Haight Street and Roasted Vegetables with Tea Leaves

I had an appointment with my anthroposophic Doc in San Francisco yesterday.  I've been having vertigo that lasts for a few seconds when I lay down, and inner ear congestion, so I sought her help.  She is an amazing woman with more accomplishments than I can ever remember. 

haight street SF
haight street SF

J and I drove in 4 hours early since he had a meeting on Haight Street with contractors bidding for a remodel on a new building his boss purchased to turn into another Music store.  I hadn't been to Haight in a number of years.  My niece and I used to go to a Middle Eastern restaurant across from the building where J has his appointment, to enjoy the food and belly dance to live music.

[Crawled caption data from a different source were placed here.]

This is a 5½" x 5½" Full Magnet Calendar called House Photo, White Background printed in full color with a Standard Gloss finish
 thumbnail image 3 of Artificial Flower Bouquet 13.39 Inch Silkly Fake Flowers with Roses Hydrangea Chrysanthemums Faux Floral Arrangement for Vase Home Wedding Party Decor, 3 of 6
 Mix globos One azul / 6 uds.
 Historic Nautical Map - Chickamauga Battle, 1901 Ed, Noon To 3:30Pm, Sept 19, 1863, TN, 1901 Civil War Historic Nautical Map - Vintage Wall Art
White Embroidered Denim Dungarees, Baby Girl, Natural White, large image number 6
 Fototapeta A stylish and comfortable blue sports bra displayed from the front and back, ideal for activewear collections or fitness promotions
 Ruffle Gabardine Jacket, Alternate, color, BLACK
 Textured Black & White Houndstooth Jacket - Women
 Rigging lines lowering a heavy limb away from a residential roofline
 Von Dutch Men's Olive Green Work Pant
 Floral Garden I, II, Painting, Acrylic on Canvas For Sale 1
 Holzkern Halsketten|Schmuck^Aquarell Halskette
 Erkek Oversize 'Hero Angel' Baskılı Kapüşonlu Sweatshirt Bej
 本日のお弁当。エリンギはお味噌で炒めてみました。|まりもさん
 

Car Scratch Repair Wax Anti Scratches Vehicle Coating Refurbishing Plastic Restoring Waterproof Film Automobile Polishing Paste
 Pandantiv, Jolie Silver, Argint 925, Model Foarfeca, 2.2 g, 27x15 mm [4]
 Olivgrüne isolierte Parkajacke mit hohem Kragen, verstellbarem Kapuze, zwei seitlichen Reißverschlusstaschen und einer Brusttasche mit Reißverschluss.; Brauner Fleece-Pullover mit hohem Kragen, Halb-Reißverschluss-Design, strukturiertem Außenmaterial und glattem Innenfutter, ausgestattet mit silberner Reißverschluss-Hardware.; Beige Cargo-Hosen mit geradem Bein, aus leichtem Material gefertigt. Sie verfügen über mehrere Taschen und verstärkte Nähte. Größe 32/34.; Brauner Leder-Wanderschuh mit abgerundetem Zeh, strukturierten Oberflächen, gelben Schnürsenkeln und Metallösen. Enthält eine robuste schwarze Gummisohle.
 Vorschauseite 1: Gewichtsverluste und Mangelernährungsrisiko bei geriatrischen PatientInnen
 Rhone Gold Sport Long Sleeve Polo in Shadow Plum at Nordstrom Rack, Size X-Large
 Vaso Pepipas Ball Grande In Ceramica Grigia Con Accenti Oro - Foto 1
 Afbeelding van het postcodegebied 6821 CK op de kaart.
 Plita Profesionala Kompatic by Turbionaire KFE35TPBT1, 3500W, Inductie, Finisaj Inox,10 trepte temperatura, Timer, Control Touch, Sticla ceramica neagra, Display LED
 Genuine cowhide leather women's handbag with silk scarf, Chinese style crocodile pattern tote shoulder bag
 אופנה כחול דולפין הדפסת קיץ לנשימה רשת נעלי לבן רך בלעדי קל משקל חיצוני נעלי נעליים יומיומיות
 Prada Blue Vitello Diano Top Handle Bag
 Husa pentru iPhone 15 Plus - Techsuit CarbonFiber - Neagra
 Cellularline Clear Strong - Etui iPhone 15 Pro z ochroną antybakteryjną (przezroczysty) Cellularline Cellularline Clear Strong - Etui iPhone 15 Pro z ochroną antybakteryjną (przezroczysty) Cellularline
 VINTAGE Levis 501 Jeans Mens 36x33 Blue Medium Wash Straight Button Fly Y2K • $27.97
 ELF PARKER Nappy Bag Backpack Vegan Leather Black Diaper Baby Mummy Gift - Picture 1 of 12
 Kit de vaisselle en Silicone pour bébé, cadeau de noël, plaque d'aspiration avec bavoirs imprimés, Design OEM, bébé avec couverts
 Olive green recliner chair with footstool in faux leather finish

Everyone knows that one aspect of San Francisco's charm is the wonderful Victorian architecture.  The intricate designs and eye-catching colors never cease to please me.

red victorian SF haight
red victorian SF haight

Haight Street is best known as the principal street in San Francisco's Haight-Ashbury district. The Haight-Ashbury district is famous for its role as a center of the 1960s hippie movement. College and high-school students began streaming into the Haight during the spring break of 1967.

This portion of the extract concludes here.